DIRECTIONS: Each line of the material should be set down exactly. Pictures are not part of the copy.

GIVEN INFORMATION:
━━━━━━━━━━
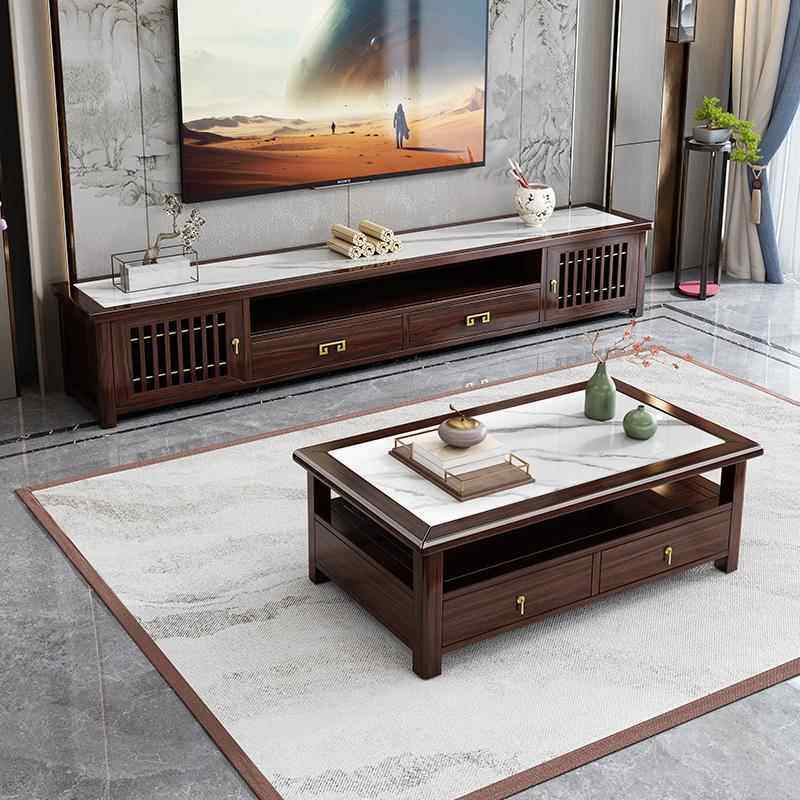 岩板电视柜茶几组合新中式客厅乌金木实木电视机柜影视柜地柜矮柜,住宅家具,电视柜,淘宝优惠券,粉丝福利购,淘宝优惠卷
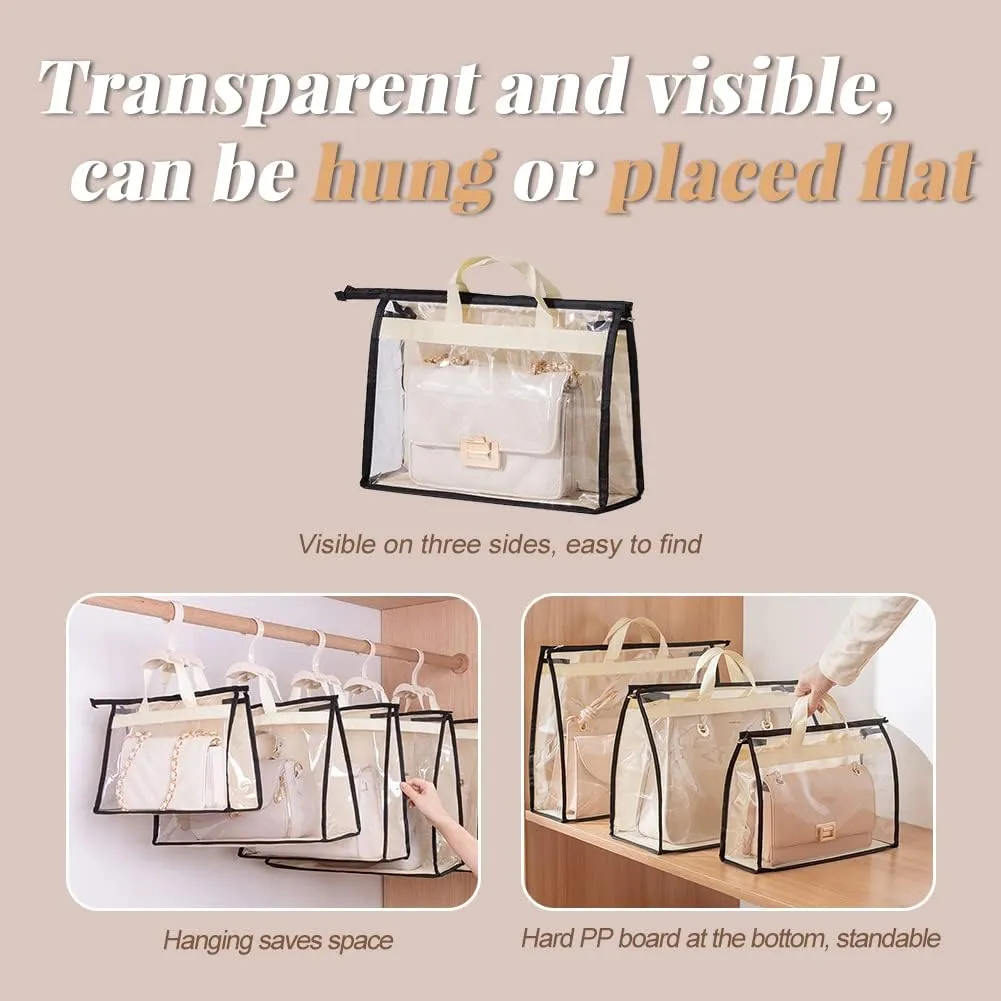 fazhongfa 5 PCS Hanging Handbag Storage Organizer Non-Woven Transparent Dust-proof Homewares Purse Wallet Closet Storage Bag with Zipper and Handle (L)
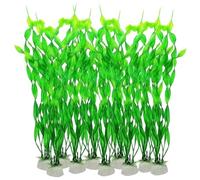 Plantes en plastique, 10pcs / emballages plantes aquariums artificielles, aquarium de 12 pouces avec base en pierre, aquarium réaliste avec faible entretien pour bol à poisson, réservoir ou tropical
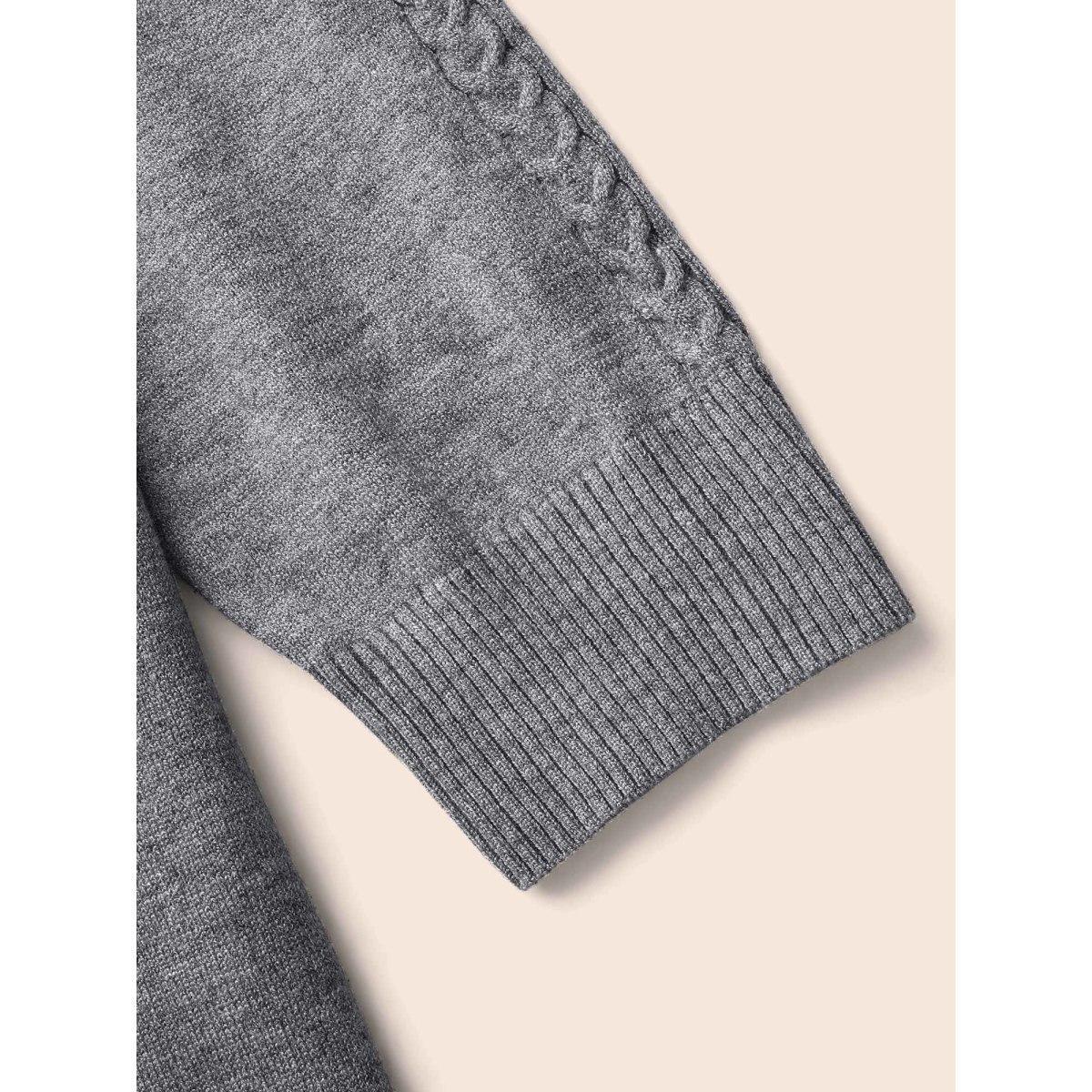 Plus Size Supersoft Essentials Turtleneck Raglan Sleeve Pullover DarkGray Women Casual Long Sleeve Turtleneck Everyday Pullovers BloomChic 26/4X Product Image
━━━━━━━━━━
TASK SOLUTION:
 岩板电视柜茶几组合新中式客厅乌金木实木电视机柜影视柜地柜矮柜,住宅家具,电视柜,淘宝优惠券,粉丝福利购,淘宝优惠卷
 fazhongfa 5 PCS Hanging Handbag Storage Organizer Non-Woven Transparent Dust-proof Homewares Purse Wallet Closet Storage Bag with Zipper and Handle (L)
 Plantes en plastique, 10pcs / emballages plantes aquariums artificielles, aquarium de 12 pouces avec base en pierre, aquarium réaliste avec faible entretien pour bol à poisson, réservoir ou tropical
 Plus Size Supersoft Essentials Turtleneck Raglan Sleeve Pullover DarkGray Women Casual Long Sleeve Turtleneck Everyday Pullovers BloomChic 26/4X Product Image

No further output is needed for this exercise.